Goal of the exercise :: Among the lines below, return each one that contains the word "Black".

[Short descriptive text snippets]

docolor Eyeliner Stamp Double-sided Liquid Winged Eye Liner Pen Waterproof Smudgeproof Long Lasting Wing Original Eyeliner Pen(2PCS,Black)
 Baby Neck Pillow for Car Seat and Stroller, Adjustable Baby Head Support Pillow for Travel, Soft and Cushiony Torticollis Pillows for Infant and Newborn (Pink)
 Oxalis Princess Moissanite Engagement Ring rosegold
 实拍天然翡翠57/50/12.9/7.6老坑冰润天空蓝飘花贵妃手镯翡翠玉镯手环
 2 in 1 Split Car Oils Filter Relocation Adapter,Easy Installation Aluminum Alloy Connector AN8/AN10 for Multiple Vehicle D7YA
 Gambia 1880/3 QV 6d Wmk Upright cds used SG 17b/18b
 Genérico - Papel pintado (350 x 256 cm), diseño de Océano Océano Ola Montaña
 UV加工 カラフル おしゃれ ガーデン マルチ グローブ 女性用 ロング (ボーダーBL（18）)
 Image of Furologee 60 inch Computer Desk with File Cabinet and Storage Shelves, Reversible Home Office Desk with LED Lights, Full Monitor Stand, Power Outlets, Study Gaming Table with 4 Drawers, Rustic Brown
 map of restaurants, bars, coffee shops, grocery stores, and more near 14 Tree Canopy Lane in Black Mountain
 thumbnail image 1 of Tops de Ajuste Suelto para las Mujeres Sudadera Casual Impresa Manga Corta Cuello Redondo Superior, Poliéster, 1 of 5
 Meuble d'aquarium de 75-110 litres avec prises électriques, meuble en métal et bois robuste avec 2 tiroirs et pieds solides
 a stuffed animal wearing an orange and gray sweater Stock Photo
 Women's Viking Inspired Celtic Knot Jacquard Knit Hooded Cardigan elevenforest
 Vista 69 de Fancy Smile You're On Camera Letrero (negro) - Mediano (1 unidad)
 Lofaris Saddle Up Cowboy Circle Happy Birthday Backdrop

Written response ::
docolor Eyeliner Stamp Double-sided Liquid Winged Eye Liner Pen Waterproof Smudgeproof Long Lasting Wing Original Eyeliner Pen(2PCS,Black)
 map of restaurants, bars, coffee shops, grocery stores, and more near 14 Tree Canopy Lane in Black Mountain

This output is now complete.